• [Material to process]:
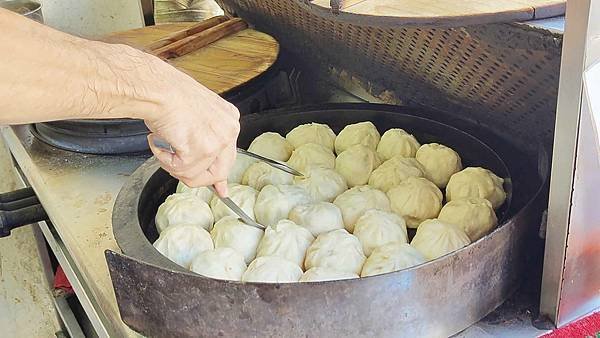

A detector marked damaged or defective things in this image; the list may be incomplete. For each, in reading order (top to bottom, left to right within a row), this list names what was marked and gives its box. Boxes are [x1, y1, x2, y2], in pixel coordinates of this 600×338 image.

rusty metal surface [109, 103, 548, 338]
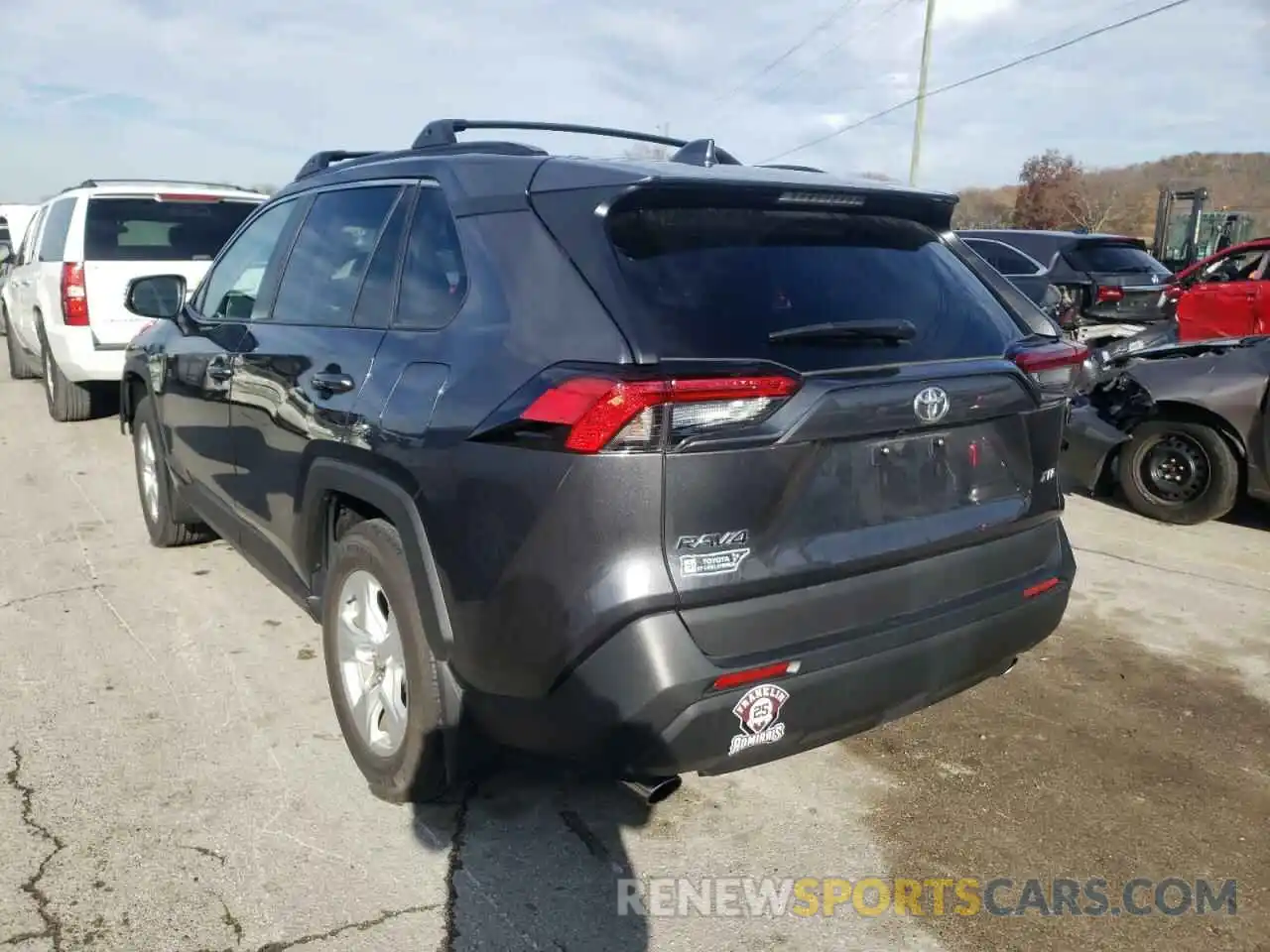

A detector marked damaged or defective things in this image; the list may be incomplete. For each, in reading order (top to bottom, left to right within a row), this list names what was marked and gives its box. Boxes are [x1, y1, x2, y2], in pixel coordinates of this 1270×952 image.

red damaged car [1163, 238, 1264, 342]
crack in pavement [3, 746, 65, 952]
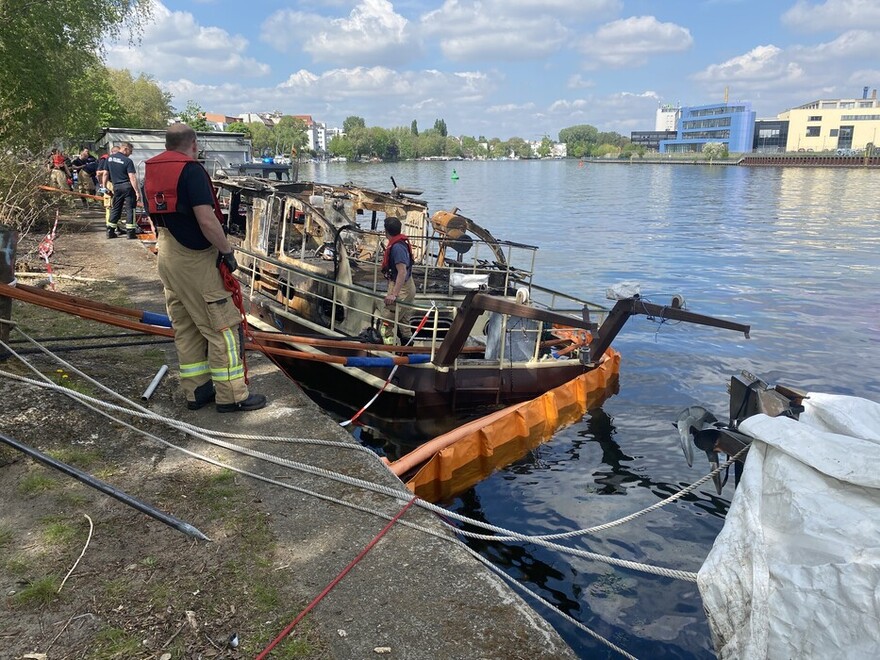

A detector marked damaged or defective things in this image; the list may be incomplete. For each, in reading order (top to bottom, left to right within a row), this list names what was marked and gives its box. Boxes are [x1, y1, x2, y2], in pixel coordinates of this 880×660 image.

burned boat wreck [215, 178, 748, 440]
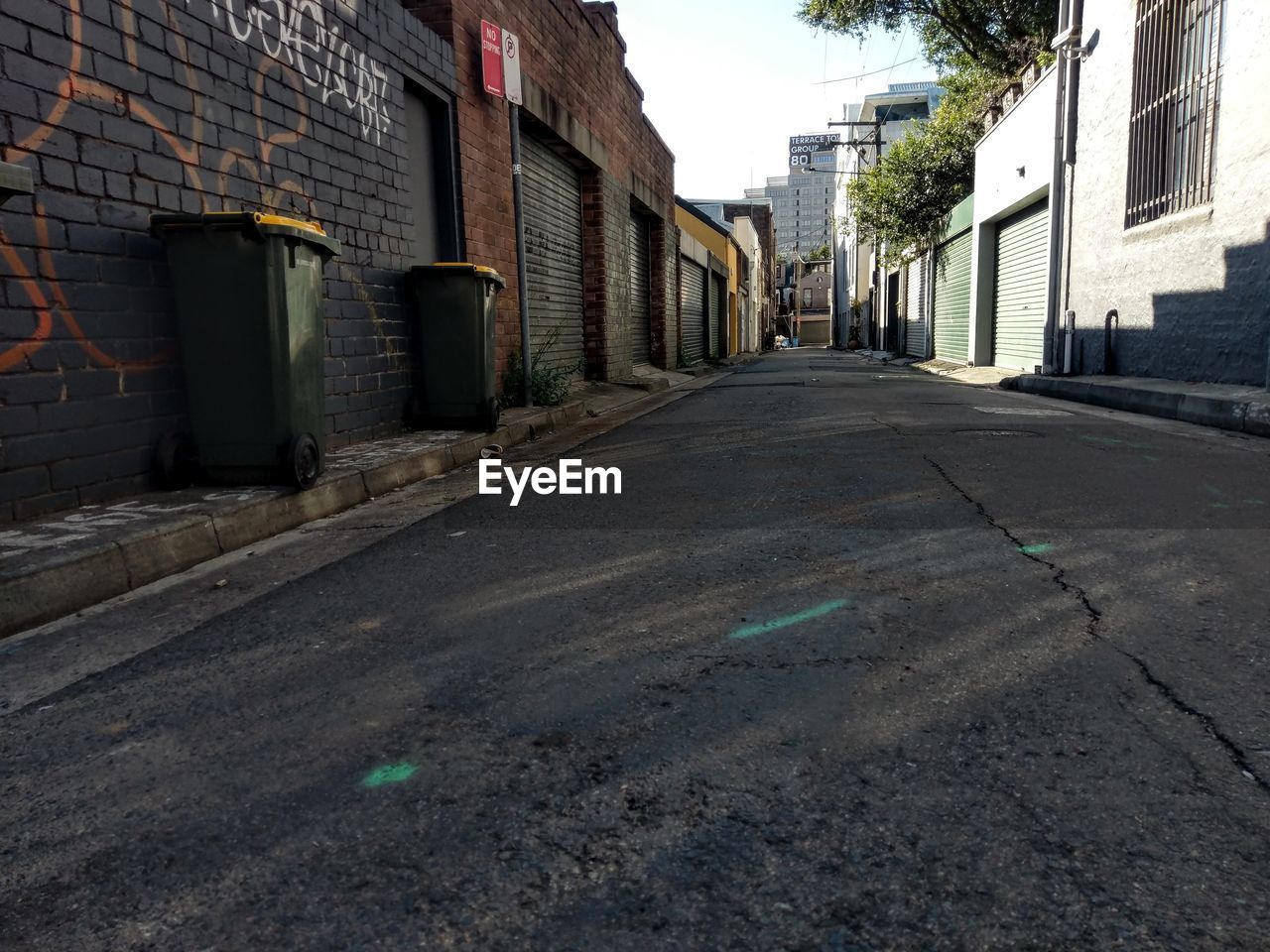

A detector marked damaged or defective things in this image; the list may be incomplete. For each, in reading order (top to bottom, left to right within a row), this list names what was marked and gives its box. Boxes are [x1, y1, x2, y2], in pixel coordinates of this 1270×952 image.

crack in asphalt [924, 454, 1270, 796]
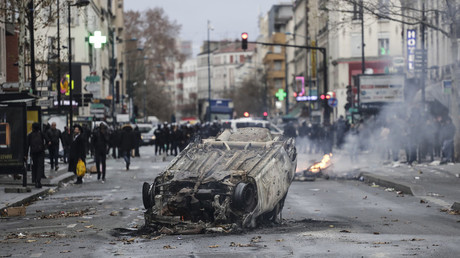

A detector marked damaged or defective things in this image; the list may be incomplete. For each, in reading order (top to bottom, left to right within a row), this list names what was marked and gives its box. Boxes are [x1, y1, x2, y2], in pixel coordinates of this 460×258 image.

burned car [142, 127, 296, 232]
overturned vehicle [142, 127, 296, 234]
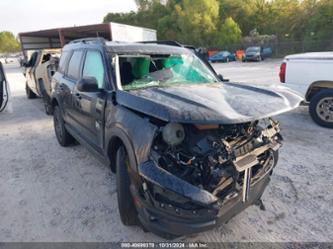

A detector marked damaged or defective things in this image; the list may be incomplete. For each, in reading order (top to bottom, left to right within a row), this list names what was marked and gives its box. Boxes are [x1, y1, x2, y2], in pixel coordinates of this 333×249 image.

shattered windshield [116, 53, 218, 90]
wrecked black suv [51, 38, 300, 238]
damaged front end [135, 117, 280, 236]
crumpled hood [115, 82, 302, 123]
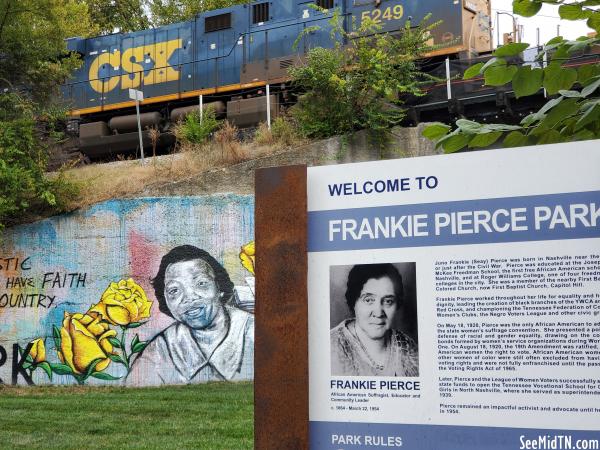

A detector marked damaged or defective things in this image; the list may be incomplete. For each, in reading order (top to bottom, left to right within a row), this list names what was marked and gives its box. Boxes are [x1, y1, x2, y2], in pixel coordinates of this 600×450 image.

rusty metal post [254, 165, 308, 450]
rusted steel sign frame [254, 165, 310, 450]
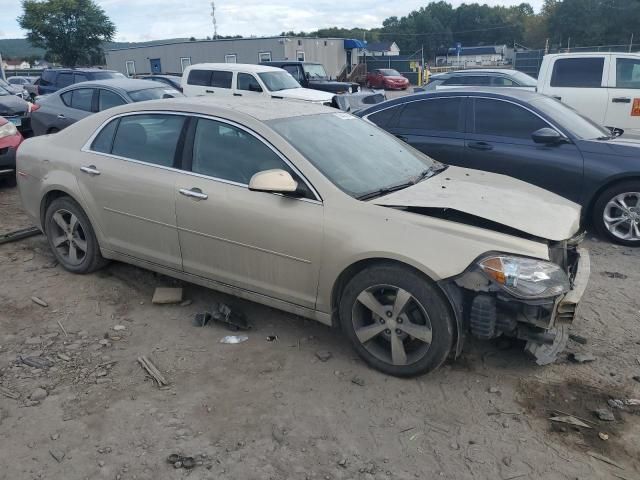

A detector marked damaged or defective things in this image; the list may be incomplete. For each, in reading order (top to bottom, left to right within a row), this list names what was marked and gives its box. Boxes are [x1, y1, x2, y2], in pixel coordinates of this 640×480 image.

• [Task prompt]: Images should not appear in the copy; retype the listing above exactly.

• [Worked solution]:
A detector marked damaged or defective things in this image; the list may be incomplete. For each, in reading order (top to bottom, left to right within a row), this list names what was marked and gives its box. Boxes are [x1, y1, x2, y2], in pixel coordinates of this 600×338 image.

rusty metal surface [109, 103, 548, 338]

A detector marked damaged or defective things in this image; the list may be incomplete. For each, in reading order (top to bottom, left to right within a row), this list names what was marked and gives its box. Boxes are [x1, y1, x2, y2], in pixel coordinates of this 1270×952 image.

red damaged car [1163, 238, 1264, 342]
crack in pavement [3, 746, 65, 952]

A detector marked damaged or defective things in this image; the list may be incomplete. For each, in reading order (top to bottom, left to right within a row), this list names what was marked and gives its box. Boxes are [x1, y1, x2, y2], in pixel coordinates of this 880×660 image.

burned boat wreck [215, 178, 748, 440]

A detector marked damaged or defective things in this image; the list may be incomplete. For each, in reading order (top to bottom, left to right within a row), this list names what was marked and gives its box. Boxes are [x1, y1, x2, y2], in pixel coordinates of this 1270×952 image.

crack in asphalt [924, 454, 1270, 796]

A detector marked damaged or defective things in this image; the list may be incomplete. For each, in reading order (top to bottom, left to right within a row), this list names what was marked and gives its box. Boxes are [x1, y1, x2, y2], in pixel coordinates of this 460×258 image.

burned car [142, 127, 296, 232]
overturned vehicle [142, 127, 296, 234]

A detector marked damaged or defective things in this image; the list may be incomplete. For each, in reading order (top to bottom, left to right within a row), this list names what was marked and gives its box. Boxes are [x1, y1, x2, y2], in pixel coordinates of this 333×249 image.

shattered windshield [116, 53, 218, 90]
wrecked black suv [51, 38, 300, 238]
damaged front end [135, 117, 280, 236]
crumpled hood [115, 82, 302, 123]

A detector marked damaged or defective things in this image; the list may be incomplete. For each, in reading order (top to bottom, left to right within a row), this list names what was marked and gives its box. Boxes are [x1, y1, x2, y2], in pixel coordinates of this 600×450 image.

rusty metal post [254, 165, 308, 450]
rusted steel sign frame [254, 165, 310, 450]

A detector marked damaged or defective things in this image; the list may be incomplete. For each, in reading order (top to bottom, left to right within a row), this list names what was marked and gives its box. Boxes are [x1, y1, x2, y2], in pixel coordinates of this 640×480 image.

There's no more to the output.